La proposta tradizionale si rinnova
Dunque oltre ai prodotti classici (panettone, pandoro, torrone, cotechino, lenticchie e conserve gourmet), si assisterà probabilmente a una crescente personalizzazione e polarizzazione dei prodotti contenuti nella strenna: da un lato prodotti di nicchia, molto costosi e non di prima necessità (vini, paté, salse e creme per l’aperitivo, cioccolato), dall’altro beni generalmente considerati di uso comune ma sempre più pesanti per il portafogli degli italiani (farine particolari, legumi, confetture, formaggi stagionati, salumi, caffè, frutta secca a guscio).
Continuare a stupire con gusto si può
Un asso nella manica per chi non vuole rinunciare a mettere nella cesta natalizia un tocco creativo e spensierato, con cui allietare le Feste di chi riceverà il dono, ma senza spendere una fortuna, è il “fai-da-te”.
Sono molte le ricette home made, buone e durevoli, che si possono inserire nella confezione.

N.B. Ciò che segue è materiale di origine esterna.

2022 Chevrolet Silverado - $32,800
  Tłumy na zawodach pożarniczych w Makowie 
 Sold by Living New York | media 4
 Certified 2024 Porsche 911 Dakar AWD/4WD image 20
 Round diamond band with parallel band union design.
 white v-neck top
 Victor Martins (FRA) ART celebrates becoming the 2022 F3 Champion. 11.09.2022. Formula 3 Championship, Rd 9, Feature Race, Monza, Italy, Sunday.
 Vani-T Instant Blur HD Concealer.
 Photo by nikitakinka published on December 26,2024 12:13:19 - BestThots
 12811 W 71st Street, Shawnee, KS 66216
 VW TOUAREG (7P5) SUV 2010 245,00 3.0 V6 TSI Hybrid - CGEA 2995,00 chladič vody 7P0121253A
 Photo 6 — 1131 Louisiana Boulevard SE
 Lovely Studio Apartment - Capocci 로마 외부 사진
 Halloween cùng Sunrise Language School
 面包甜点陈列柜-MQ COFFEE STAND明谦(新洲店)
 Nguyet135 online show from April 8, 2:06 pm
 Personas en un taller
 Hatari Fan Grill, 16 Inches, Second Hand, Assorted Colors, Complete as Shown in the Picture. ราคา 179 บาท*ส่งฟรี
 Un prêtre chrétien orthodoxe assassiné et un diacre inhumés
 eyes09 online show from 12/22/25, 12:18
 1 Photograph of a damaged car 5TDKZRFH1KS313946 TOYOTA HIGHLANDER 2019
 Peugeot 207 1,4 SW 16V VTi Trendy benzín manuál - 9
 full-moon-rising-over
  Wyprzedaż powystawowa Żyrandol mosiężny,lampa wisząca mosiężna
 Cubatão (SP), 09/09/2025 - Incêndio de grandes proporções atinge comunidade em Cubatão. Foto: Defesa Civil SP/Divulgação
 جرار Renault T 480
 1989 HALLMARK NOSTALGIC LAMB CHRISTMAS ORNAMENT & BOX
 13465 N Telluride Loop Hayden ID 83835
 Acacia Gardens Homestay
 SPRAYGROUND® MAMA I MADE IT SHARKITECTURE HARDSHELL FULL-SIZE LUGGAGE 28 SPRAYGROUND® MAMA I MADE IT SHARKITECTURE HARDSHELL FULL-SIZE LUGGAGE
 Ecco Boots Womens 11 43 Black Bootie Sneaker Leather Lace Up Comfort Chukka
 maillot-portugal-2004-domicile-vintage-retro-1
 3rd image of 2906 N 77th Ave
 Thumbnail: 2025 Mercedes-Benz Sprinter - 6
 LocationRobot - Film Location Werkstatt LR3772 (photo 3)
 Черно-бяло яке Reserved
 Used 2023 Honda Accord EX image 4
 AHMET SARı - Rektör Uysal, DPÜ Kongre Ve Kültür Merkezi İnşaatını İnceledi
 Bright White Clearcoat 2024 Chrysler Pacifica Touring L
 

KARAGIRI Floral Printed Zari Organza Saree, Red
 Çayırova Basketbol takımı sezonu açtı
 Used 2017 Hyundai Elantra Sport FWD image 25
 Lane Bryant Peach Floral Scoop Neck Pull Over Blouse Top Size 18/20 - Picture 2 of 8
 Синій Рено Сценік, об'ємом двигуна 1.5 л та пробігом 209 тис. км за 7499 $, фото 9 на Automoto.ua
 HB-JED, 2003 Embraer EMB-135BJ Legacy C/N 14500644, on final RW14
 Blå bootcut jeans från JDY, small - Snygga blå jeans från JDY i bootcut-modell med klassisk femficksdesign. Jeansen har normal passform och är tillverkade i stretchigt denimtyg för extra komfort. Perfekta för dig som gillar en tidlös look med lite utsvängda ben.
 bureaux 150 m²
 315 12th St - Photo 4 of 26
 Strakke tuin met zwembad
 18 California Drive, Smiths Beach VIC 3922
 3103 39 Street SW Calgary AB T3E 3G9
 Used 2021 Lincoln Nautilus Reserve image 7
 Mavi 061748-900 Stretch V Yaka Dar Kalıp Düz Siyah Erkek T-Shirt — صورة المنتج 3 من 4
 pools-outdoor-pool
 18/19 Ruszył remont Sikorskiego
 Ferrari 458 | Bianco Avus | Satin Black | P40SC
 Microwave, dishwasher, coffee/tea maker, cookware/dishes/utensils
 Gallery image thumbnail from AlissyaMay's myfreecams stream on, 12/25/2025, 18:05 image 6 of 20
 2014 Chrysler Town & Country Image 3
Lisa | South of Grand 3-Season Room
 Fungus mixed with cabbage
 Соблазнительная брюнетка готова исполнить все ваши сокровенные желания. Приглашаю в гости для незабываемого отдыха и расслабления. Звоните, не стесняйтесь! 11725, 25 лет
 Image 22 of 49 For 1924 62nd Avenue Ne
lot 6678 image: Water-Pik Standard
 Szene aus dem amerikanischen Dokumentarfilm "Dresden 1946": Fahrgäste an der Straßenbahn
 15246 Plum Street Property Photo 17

Un esempio sono i biscotti pan di zenzero e gli altri biscotti di Natale, che a seconda delle tipologie, se conservati in una scatola di latta e protetti dal calore e dall’umidità si mantengono fino a un mese.
Ma si possono preparare anche alcune conserve dolci o salate, che una volta messe sottovuoto, possono durare nella credenza per mesi. Tra le più in linea con il periodo, la
salsa al caramello salato, ma anche le diverse salse e le declinazioni del pesto alla genovese, che lo trasformano da condimento per la pasta a farcitura per tartine e amouse bouche da servire come antipasti di Natale o antipasti di Capodanno.